-- THE PROBLEM --
Look below for the line holding "a bedroom with" and the line holding "Sintoho dining table, red". Transcribe exactly those lines and all lines between them, nothing more.

-- DATA SUPPLIED --
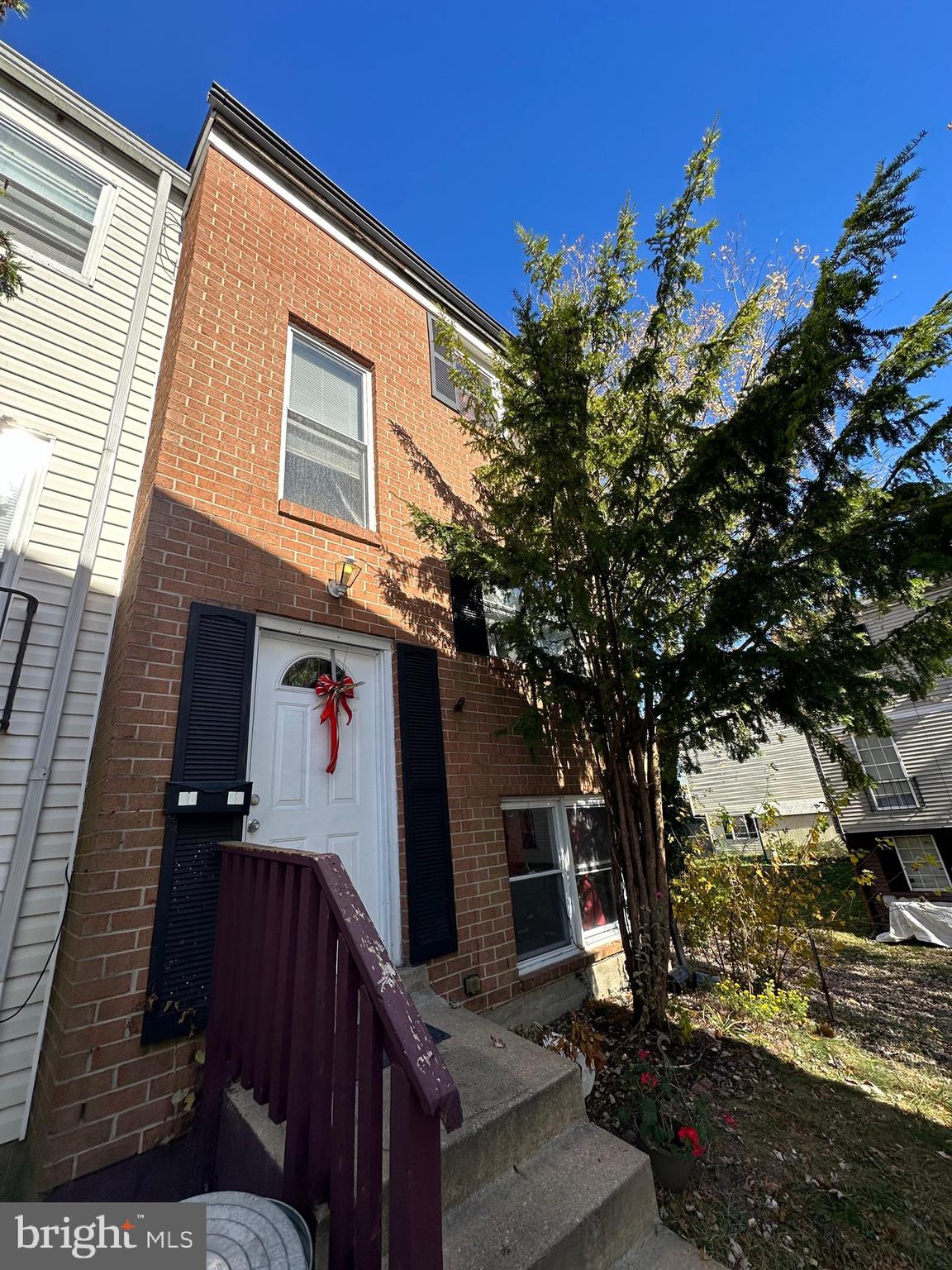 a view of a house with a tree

==

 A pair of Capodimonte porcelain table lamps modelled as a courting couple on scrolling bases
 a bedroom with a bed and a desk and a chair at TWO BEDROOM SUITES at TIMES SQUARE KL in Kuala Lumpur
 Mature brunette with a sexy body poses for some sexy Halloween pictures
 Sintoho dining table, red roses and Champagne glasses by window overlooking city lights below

...

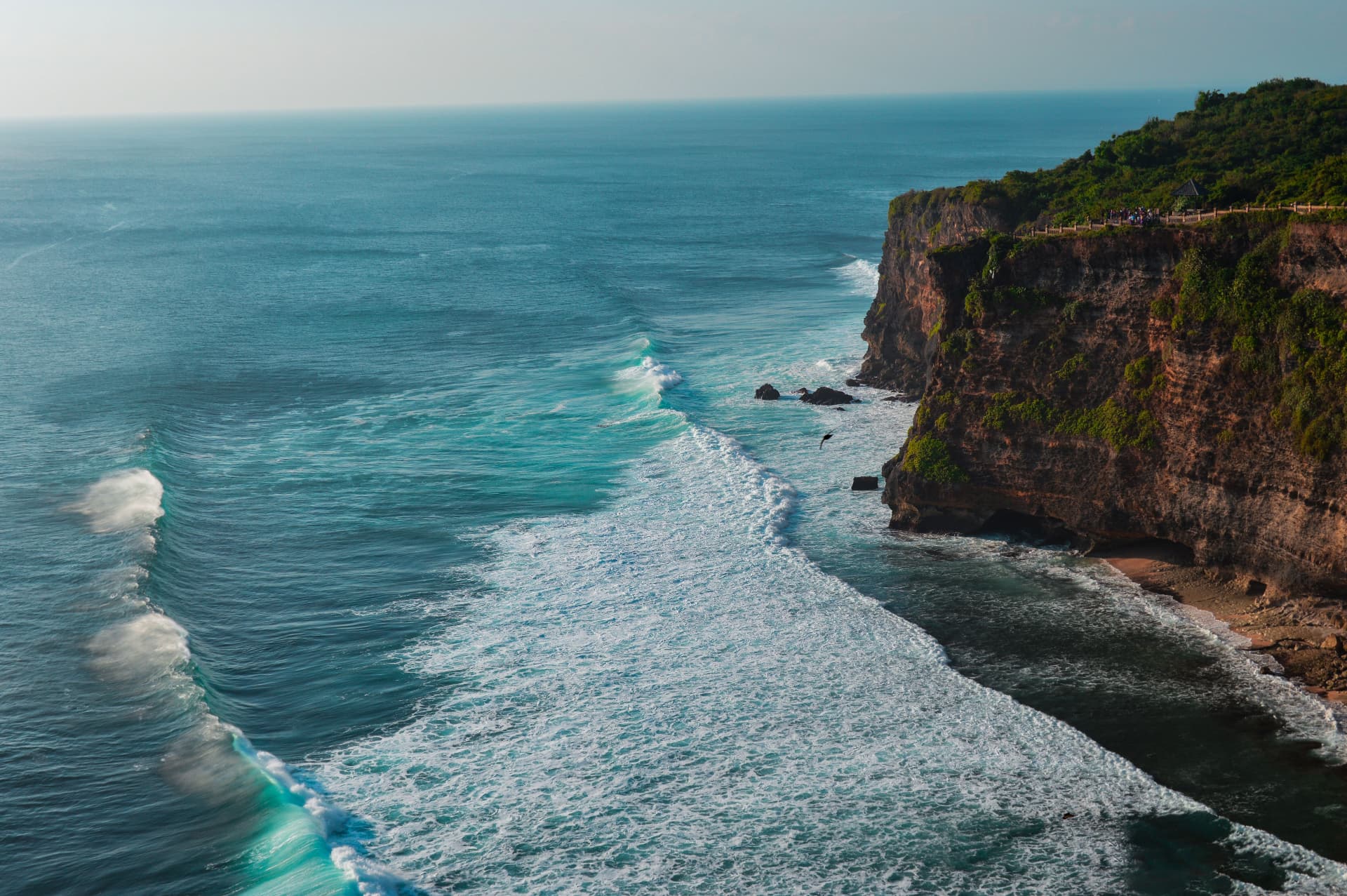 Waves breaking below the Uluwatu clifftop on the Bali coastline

-- EXERCISE RESPONSE --
 a bedroom with a bed and a desk and a chair at TWO BEDROOM SUITES at TIMES SQUARE KL in Kuala Lumpur
 Mature brunette with a sexy body poses for some sexy Halloween pictures
 Sintoho dining table, red roses and Champagne glasses by window overlooking city lights below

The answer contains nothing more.